*** Opening Recorded information ***

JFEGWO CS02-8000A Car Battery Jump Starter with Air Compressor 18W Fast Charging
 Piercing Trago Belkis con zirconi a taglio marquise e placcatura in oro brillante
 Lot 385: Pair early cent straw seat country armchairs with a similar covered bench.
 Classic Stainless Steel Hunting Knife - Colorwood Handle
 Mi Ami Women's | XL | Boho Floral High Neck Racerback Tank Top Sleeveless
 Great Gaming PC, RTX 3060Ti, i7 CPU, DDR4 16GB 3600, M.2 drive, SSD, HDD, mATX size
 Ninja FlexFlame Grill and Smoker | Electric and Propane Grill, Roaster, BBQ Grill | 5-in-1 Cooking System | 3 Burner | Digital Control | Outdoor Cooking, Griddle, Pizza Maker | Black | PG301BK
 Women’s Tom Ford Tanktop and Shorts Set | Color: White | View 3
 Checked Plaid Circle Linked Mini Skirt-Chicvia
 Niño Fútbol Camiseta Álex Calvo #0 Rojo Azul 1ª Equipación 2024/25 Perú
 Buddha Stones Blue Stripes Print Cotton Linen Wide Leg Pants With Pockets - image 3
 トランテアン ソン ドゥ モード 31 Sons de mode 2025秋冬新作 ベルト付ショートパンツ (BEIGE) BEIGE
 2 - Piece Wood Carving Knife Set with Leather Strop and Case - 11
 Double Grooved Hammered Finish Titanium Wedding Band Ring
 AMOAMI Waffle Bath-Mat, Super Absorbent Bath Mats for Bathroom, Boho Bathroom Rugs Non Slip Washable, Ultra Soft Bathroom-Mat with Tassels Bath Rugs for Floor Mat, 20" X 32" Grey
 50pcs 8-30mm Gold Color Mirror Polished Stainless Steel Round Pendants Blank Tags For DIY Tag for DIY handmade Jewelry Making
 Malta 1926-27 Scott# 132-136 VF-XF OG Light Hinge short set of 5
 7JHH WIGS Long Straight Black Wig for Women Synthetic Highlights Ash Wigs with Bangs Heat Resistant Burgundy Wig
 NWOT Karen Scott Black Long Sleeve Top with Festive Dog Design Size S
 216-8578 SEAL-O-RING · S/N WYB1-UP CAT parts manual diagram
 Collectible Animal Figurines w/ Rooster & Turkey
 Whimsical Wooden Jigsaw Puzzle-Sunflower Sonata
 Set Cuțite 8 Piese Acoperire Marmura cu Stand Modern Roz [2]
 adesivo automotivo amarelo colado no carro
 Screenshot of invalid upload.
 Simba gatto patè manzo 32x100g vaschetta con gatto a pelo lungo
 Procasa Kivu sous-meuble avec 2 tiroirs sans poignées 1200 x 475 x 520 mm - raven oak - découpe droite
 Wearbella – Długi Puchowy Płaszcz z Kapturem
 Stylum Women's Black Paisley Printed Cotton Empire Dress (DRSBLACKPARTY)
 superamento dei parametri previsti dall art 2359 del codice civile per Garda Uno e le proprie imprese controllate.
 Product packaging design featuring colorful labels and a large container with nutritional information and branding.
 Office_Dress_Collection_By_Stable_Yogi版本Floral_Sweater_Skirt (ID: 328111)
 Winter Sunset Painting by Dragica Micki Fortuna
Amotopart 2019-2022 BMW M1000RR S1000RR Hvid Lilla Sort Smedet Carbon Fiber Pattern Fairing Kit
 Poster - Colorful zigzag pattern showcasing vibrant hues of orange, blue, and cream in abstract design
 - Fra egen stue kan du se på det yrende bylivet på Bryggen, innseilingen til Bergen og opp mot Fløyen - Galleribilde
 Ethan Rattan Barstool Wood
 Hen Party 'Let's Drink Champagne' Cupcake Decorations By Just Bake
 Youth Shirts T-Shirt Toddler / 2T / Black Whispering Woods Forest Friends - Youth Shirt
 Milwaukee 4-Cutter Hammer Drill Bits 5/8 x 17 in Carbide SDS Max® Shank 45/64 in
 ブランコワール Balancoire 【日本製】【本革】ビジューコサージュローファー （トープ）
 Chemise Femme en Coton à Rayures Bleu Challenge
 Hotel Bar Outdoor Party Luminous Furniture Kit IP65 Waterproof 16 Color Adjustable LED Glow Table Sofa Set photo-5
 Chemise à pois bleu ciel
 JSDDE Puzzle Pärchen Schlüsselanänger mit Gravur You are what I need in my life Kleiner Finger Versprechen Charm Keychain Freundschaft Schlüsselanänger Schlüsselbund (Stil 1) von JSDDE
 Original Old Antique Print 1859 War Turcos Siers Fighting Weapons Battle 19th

*** Closing Recorded information ***

**Work instructions:** Going through the records above, count the lines that hold the string "Boho" and give only the total.

**Exercise response:** 2